E’ qui che il presidente della Camera reagisce. “Negli anni – scandisce in aula – ho ascoltato molteplici ragioni per giustificare la fiducia, ma è la prima volta che sento che essa venga posta in onore del lavoro della commissione e, così, in omaggio alla centralità del Parlamento. Al rappresentante del governo – dice ancora Fini – ricordo che il procedimento legislativo a Costituzione vigente prevede l’esame dei testi in commissione e in Aula. E’ un diritto per il governo porre la fiducia, ma è doveroso esprimere valutazioni di tipo squisitamente politico. L’omaggio al Parlamento si fa se si consente alle commissioni di lavorare e ai singoli parlamentari di esprimersi in Aula. Il rispetto della centralità del Parlamento e della sua funzione nel procedimento legislativo – conclude – non si limita all’omaggio del lavoro fatto in commissione ed impedendo ai deputati di pronunciarsi in Aula su un testo”.
Parole sottolineate da un evidente gesto di stizza di Fini verso il banco del governo. Insomma, confiderà più tardi a un cronista, “quanno ce vò ce vò”, facendo capire che la fiducia era indispensabile solo per ragioni politiche connesse al dibattito interno alla maggioranza. La reazione del presidente della Camera spiazza la stessa opposizione, che non si aspettava un tale assist e gli si schiera al fianco. Il Pdl, con Fabrizio Cicchitto, invece dissente. “Noi – sostiene – ci assumiamo la responsabilità della scelta del governo; con la fiducia non si spossessa nessun parlamentare della propria funzione”. E la Lega non perde l’occasione per rendere la pariglia a Fini rispetto alle critiche da lui avanzate alla tassa sul permesso di soggiorno accusandolo, con Roberto Cota, di essere “super partes a giorni alterni”. Ma la maggioranza non è compatta sulla scelta della fiducia. Mastica amaro soprattutto l’Mpa, che manifesta “profondo dissenso” con Cicchitto e “sostegno pieno” a Fini, lasciando intravedere un no sul decreto legge: una decisione sarà presa domani. L’opposizione si schiera compatta contro la fiducia che Walter Veltroni bolla come “immotivata”. “Si tratta – dice il segretario del Pd – di uno strappo consistente nella prassi. Bene ha fatto il presidente della Camera a richiamare l’Aula.
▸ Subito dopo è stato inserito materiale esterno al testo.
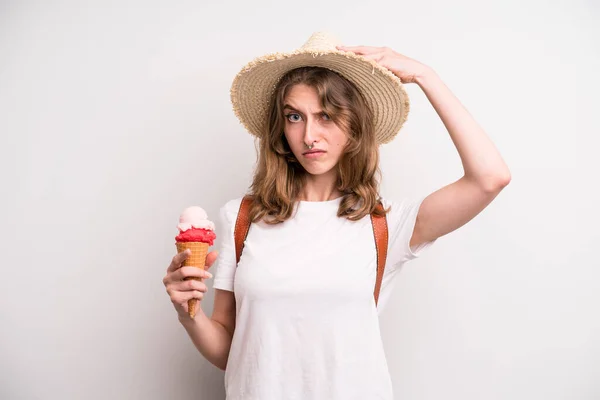 Young Girl Ice Cream Summer Cocnept — Stock Photo, Image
E’ la sanzione di una grande difficoltà della maggioranza”. Di divisione della maggioranza e schiaffo al Parlamento parla il dipietrista Massimo Donadi e al fianco di Fini si schiera anche il leader dell’Udc Pier Ferdinando Casini, che pure con il suo successore alla presidenza di Montecitorio in questi mesi ha avuto non pochi battibecchi.